### INSTRUCTIONS FOR THE TASK
The answer should hold every line of the listing, unchanged and free of images.

### RAW DATA
-- Opening Marker --

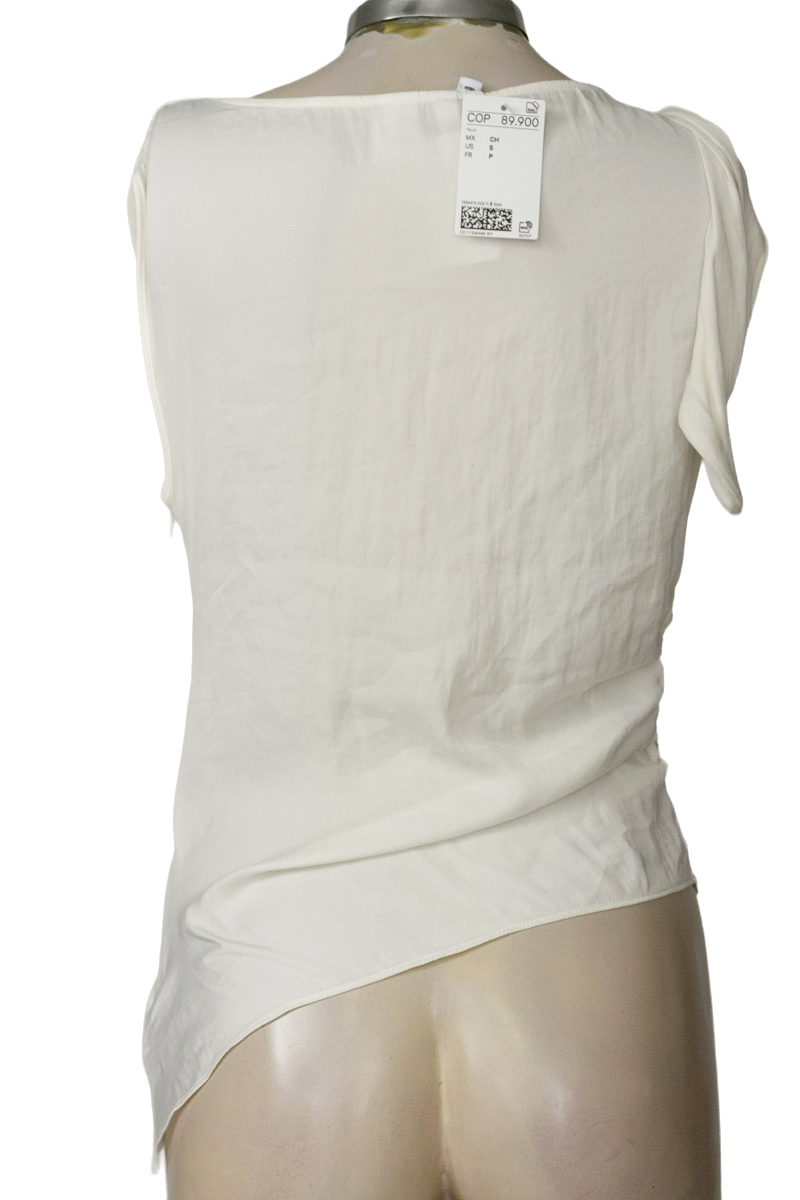Blusa color Blanco - Divided by H&M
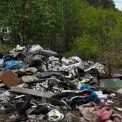 У Гостомелі виявили небезпечне сміттєзвалище прямо серед вулиці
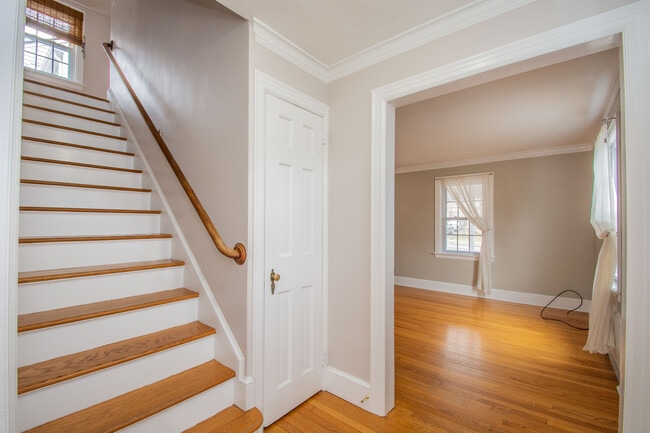 Photo - 135 Brunswick Ave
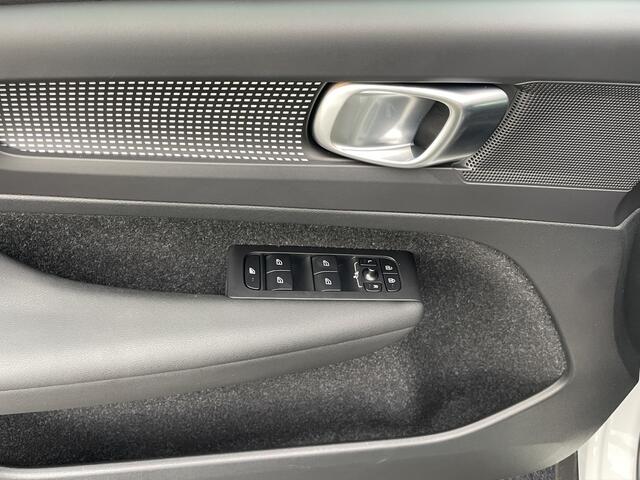 Volvo XC40 1.5 T5 Recharge R-Design Pano | D.hoek | Carplay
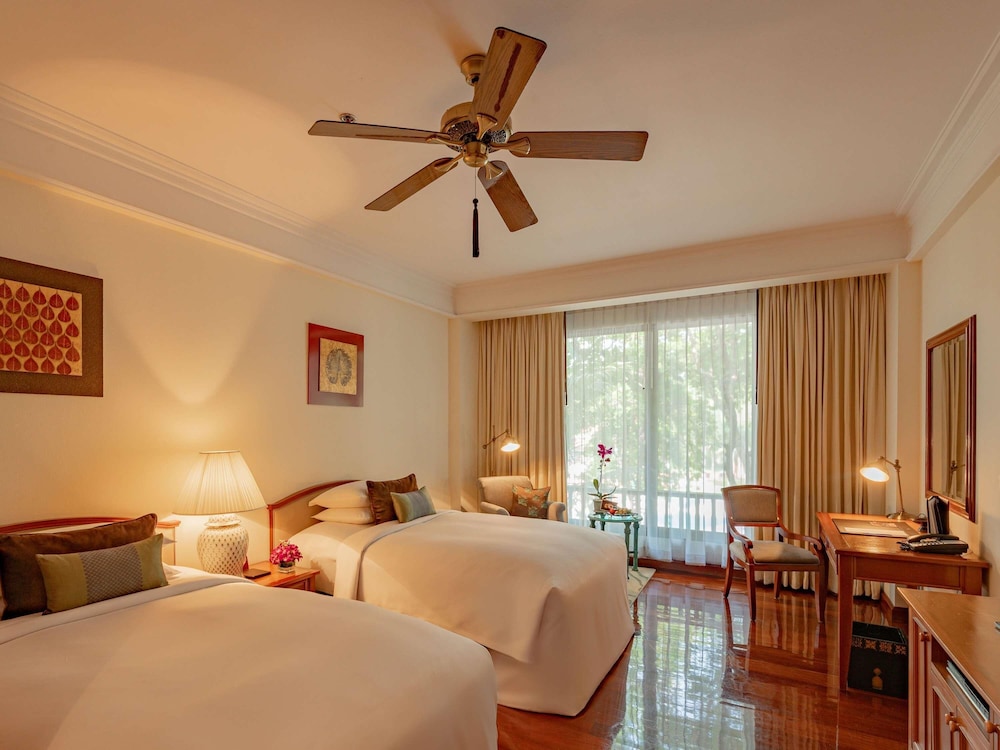 Superior, Single, Twin Beds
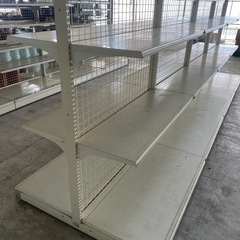 ゴンドラ什器2️⃣4ユニット売却済み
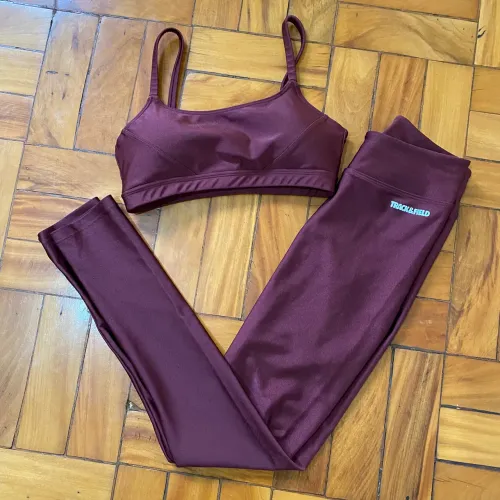 Conjunto brilho vinho track & field tamanho P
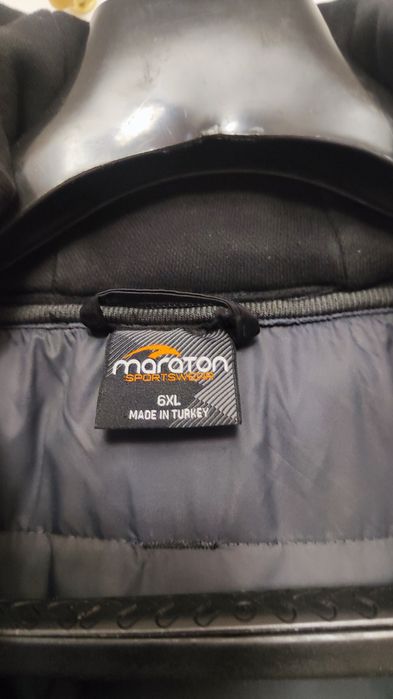 Kurtka spartivniy MARATON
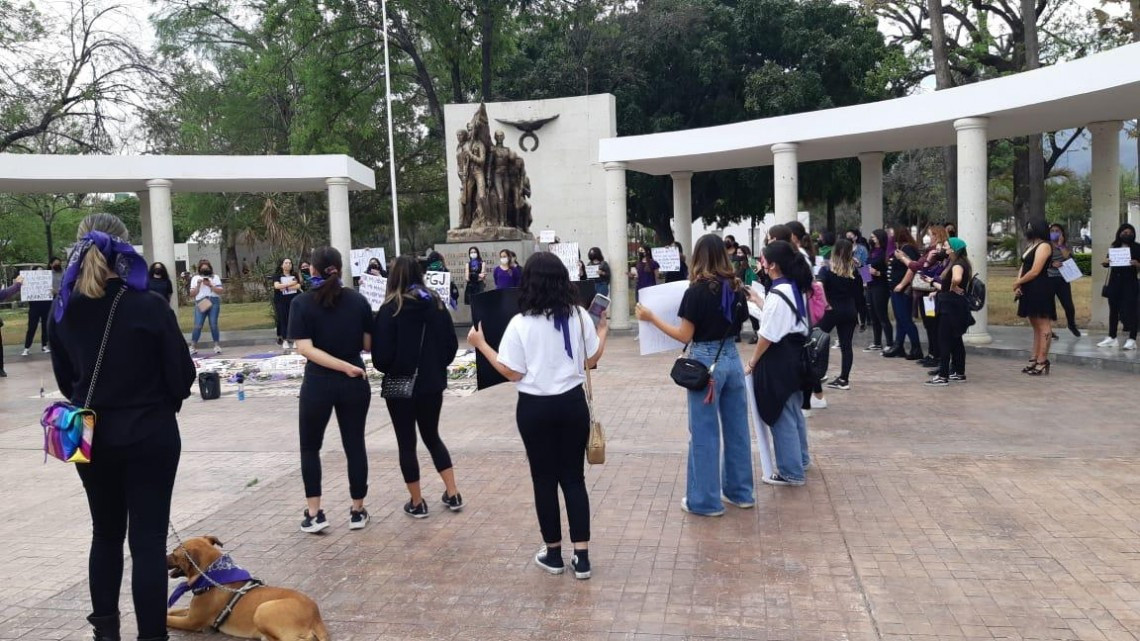 Movimiento feminista realiza protesta en el Paseo Méndez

-- Closing Marker --

### RESPONSE BOX
Blusa color Blanco - Divided by H&M
 У Гостомелі виявили небезпечне сміттєзвалище прямо серед вулиці
 Photo - 135 Brunswick Ave
 Volvo XC40 1.5 T5 Recharge R-Design Pano | D.hoek | Carplay
 Superior, Single, Twin Beds
 ゴンドラ什器2️⃣4ユニット売却済み
 Conjunto brilho vinho track & field tamanho P
 Kurtka spartivniy MARATON
 Movimiento feminista realiza protesta en el Paseo Méndez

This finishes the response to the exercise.